In light of these adversities, it is all the more remarkable then that FE continues to deliver a high level of quality in teaching and learning in the majority of its providers. However, what is not yet fully understood is what the relationship is between leadership and improving teaching and learning and how leadership makes or fails to make a difference. This research project emerged in response to these questions, to address these gaps in knowledge in the context of the wider FE backdrop.
Research aims
Between February 2018 and January 2019, the BCU based research team conducted this independent research study to look into the role of leadership in prioritising and improving teaching and learning in FE. The study aimed to fill the gap in knowledge and research relating to the interface between leaders’ strategic thinking, its application at an operational level and how leadership understandings and practices connect to successful outcomes in FE teaching and learning. The study was specifically aimed at investigating situated understandings and practices of leadership in improving and prioritising teaching and learning at an organisational level.
Research methods
The research question for this study was:
What do leaders in further education do to create and sustain an organisational culture that prioritises the continuous improvement of teaching and learning?
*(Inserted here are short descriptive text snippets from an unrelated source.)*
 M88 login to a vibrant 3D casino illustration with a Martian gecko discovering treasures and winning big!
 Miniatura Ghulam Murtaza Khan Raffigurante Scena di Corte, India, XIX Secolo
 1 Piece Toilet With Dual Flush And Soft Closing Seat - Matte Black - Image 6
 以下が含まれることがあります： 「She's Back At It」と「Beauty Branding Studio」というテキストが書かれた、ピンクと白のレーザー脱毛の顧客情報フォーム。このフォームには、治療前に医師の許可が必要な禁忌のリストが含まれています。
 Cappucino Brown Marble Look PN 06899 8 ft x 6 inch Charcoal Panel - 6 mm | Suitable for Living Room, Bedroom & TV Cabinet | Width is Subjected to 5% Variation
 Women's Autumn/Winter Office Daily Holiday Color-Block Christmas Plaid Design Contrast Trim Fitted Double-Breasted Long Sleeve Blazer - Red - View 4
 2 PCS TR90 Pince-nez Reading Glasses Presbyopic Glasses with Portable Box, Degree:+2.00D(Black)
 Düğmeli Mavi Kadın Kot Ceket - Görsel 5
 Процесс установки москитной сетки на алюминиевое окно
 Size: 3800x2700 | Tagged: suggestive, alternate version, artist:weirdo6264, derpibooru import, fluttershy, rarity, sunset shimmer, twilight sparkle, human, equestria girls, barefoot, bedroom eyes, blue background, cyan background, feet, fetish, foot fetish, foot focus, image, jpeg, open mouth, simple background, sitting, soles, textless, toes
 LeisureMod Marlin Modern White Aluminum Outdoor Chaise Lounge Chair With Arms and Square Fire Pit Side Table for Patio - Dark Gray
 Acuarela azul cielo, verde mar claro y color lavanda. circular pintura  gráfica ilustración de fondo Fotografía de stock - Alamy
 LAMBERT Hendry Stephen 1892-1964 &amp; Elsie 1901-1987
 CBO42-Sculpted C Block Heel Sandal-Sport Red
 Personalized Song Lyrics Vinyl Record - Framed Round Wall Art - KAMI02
This project explored the relationship between leadership and improvements in teaching and learning in FE. It examined the interface between strategic thinking in leadership, its application at an operational level and how this connects to outcomes in teaching and learning. In doing so, it also investigated how the impact and effectiveness of these activities are monitored and captured.
The research took a mixed-methods case study approach, involving three FE providers across England, followed by a national roundtable discussion with FE leaders and managers. This designed was underpinned by our recognition of the importance of involving FE practitioners as well as leaders and managers to research with them leadership understandings and practices.
Results
Key findings:
- Improving teaching and learning is about creating an environment in which collegial interaction can flourish.
- Teaching staff are best placed to improve teaching and learning by identifying and targeting their own professional needs.
- Leadership approaches to improving teaching and learning need to actively involve those that teach, drawing on their expertise and experience.
- Senior leaders and managers have an important role to play in establishing the conditions in which this can take place.
- FE providers need to view and duly construct improvements to teaching and learning as a long-term narrative that unfolds incrementally and transcends the straitjacket of annualised funding arrangements and the omnipresent spectre of Ofsted inspections.
Implications and recommendations:
- The integrated, three-pronged model of leadership based on fundamental trust and mutual synergy between SLT, middle management and staff works better.
- Reconceptualising leadership so that teaching and learning is the focal point must incorporate substantial ownership of methods/strategies, authority and ultimate responsibility to be devolved to staff.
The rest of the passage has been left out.